Wednesday, December 01, 2004

Lou Reed Bleeps

I stopped by Lou Reed's website and saw this:

Lou Recommends:
What the Bleep Do We Know
Brother Ray by Ray Charles and David Ritz
Chronicles, Vol.1 by Bob Dylan
Jimmy Scott: If You Only Knew

I haven't heard anything about this Bleep business, so I did a little research. Here's what Roger Ebert had to say about the movie:

Among the experts on the screen, I wrote, "only one seemed to make perfect sense to me. This was a pretty, plumpish blond woman with clear blue eyes, who looked the camera straight in the eye, seemed wise and sane, and said that although the questions might be physical, the answers were likely to be metaphysical. Since we can't by definition understand life and the world, we might as well choose a useful way of pretending to."

This woman, I later learned, was the psychic JZ Knight, who channels a 35,000-year-old mystical sage from the lost continent of Atlantis. Still later, a letter to the Answer Man from an actual physicist, Rubin Safaya, informed me: "The individuals who are quoted are pretty far from qualified experts on the field of quantum mechanics."

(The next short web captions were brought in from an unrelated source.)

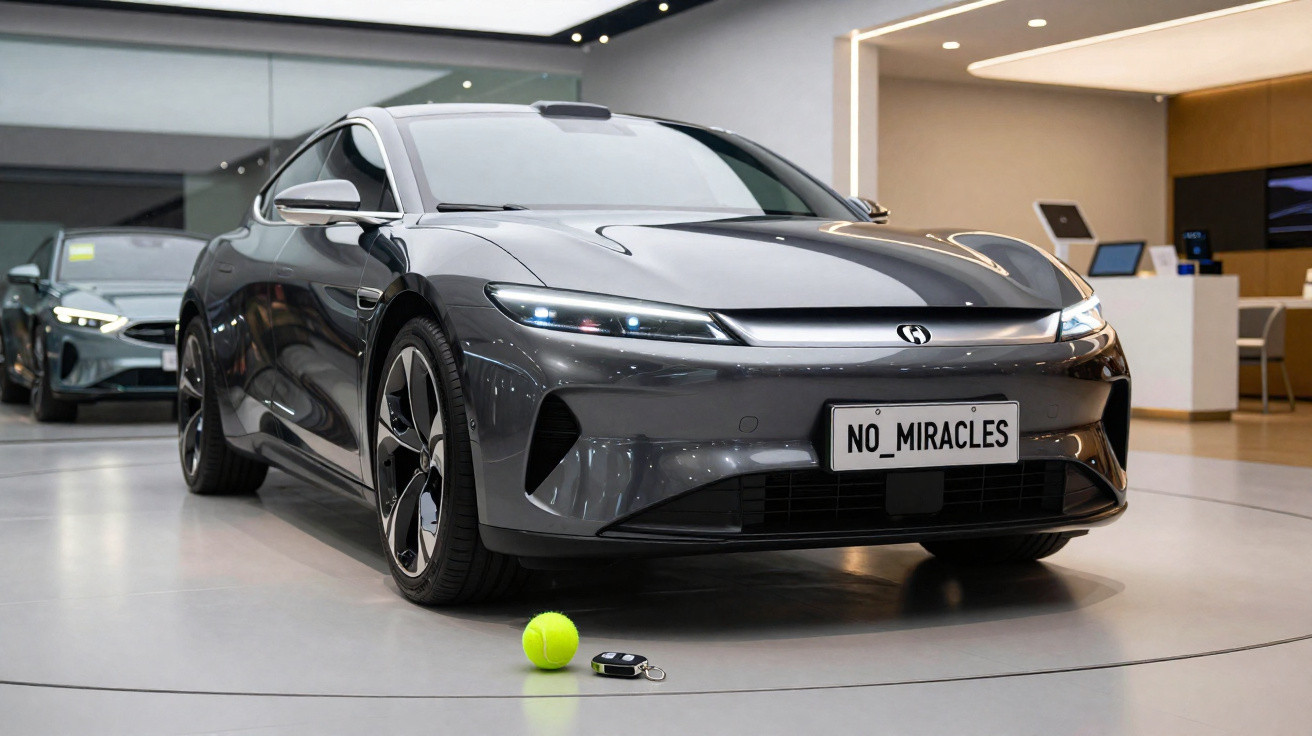 Carro elétrico cinza com design futurista em exposição, com bola de tênis e controle no chão à frente.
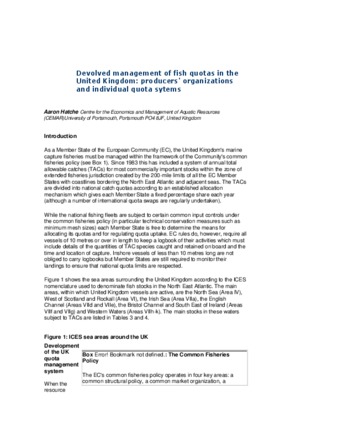 Devolved management of fish quotas in the United Kingdom: producers' organizations and individual quota systems miniatura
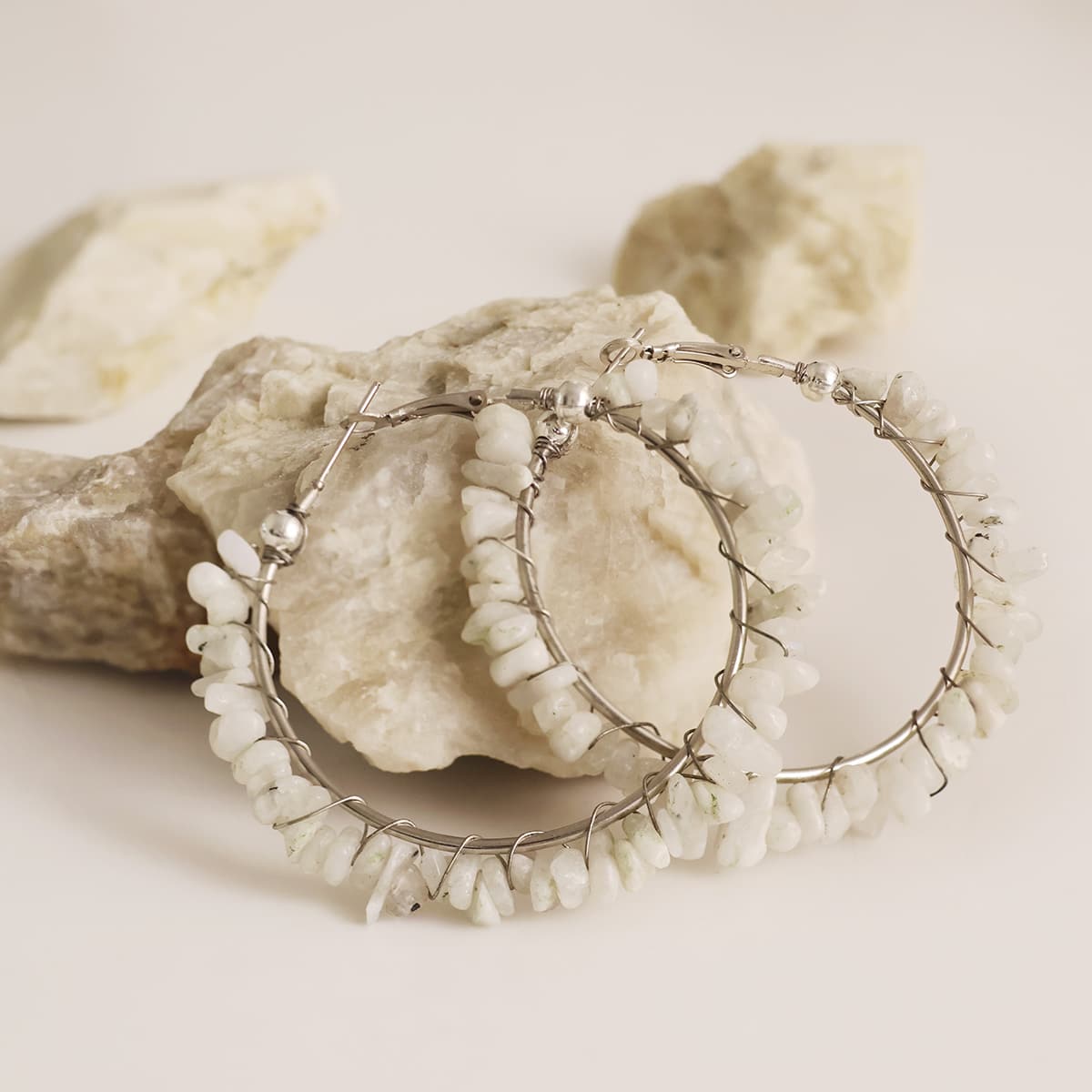 Moonstone Chips Huggie Hoops Earring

The film is what it is, a group of people trying to explain the nature of reality. The confusion comes if you think they are discussing physics, when in fact they are discussing metaphysics. There is nothing wrong with having a belief system and using it to fashion your worldview; the error comes in ascribing scientific truth to what is by definition a matter of faith.

The argument between Darwinians and Creationists is similar: Darwinians use science, Creationists use faith. "Creationist science" is laughed at by reputable scientists because it tries to use its easily refuted "science" to explain a belief that grows from and depends entirely on faith. By the same token, although the Ramtha School may indeed have valuable insights into the nature of reality, it is misleading to present them as science.

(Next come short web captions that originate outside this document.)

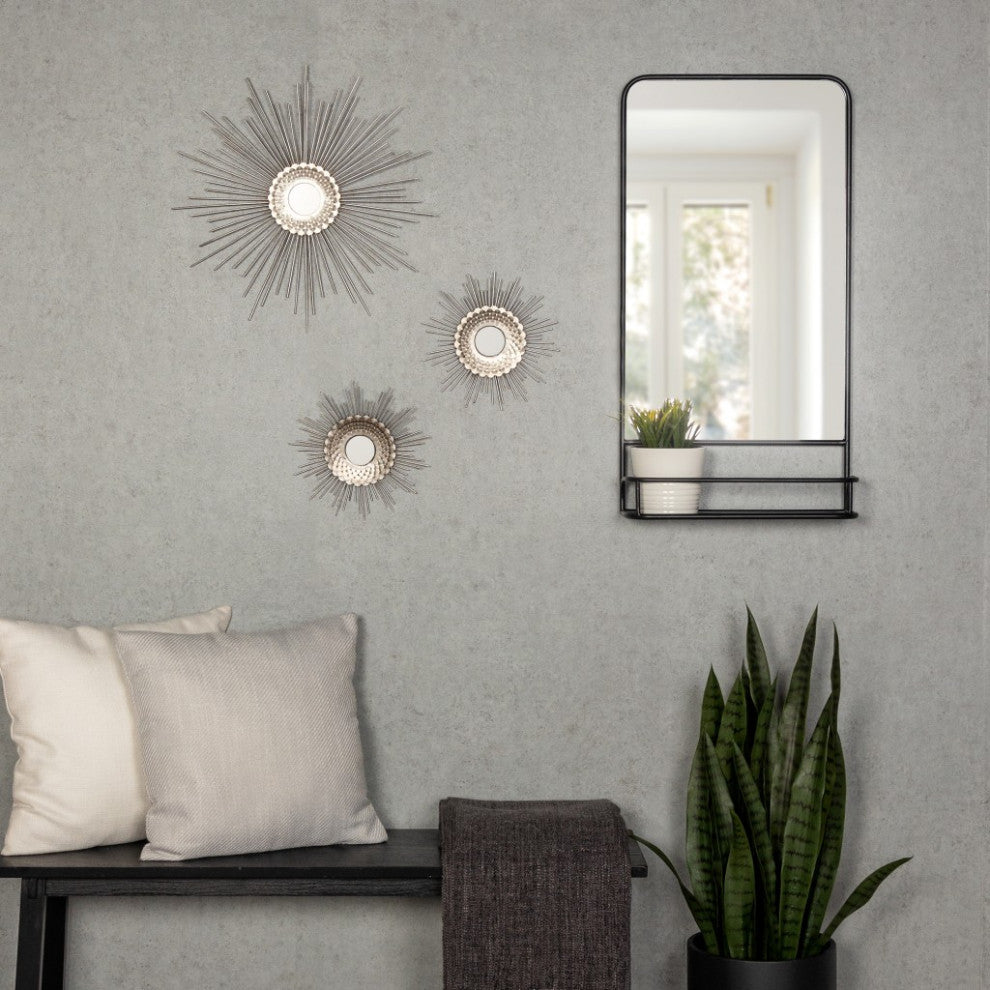 Black Rectangular Wall Mirror With Shelf
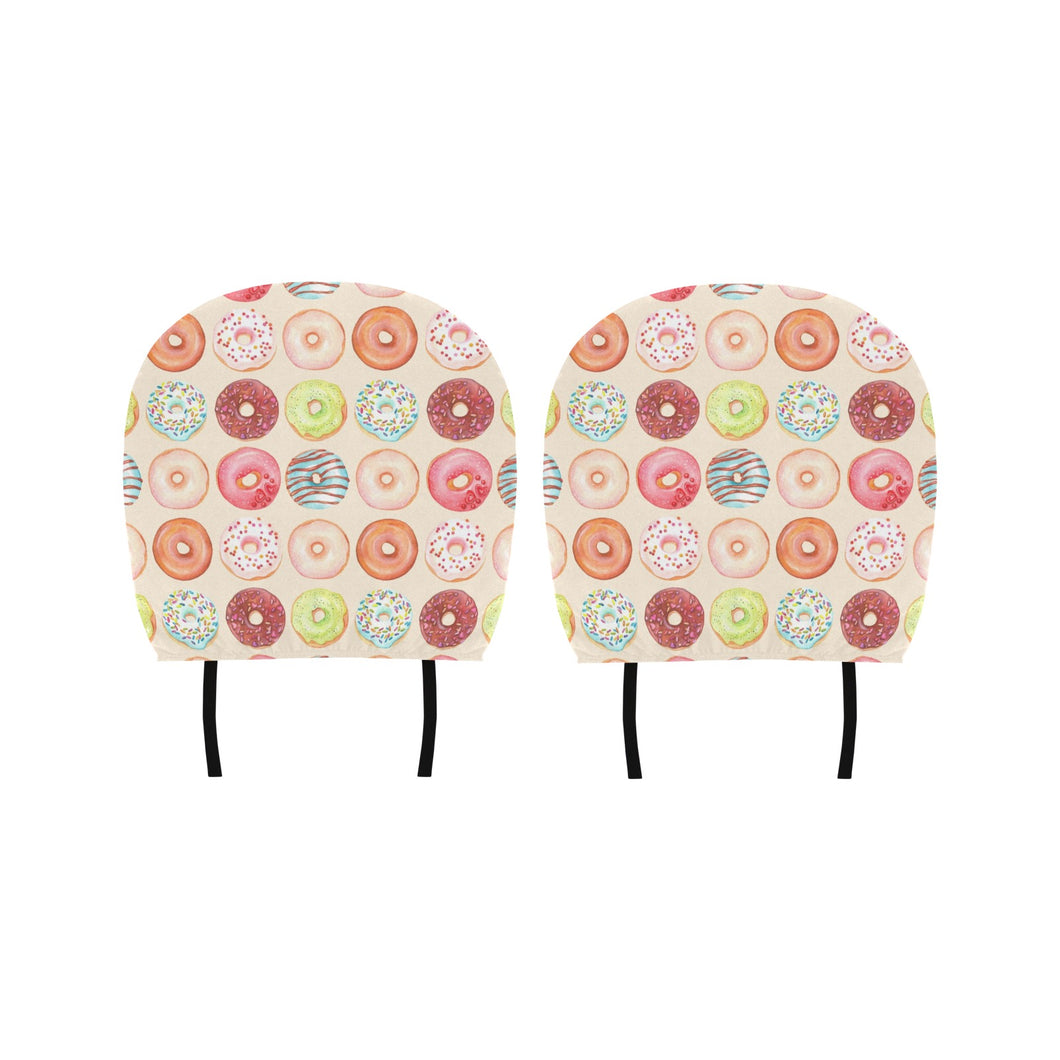 Donut Pattern Car Headrest Cover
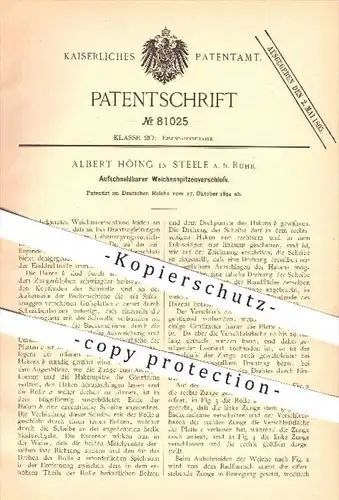 original Patent - Albert Höing , Steele / Ruhr , 1894 , Aufschneidbarer Weichenspitzenverschluss , Weichen , Eisenbahnen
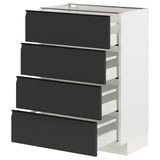 Ein moderner weiß-schwarzer Küchenschrank mit vier schwarzen Schubladen mit schlanken Griffen. Das Design ist minimalistisch und zeitgemäß.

So that's what Mr. Ebert had to say.

Go here for more bleep stuff. While you're there, you can find out how to "spend a day with the Seattle IONS Community and Dr. Fred Alan Wolf! Using the basic principles of physics as outlined in his new book, "The Yoga of Time Travel," you will see how your experiences in time are created from a sub-space time realm."

None of this makes any sense to me, but one has to defer to the judgment of the Advanced.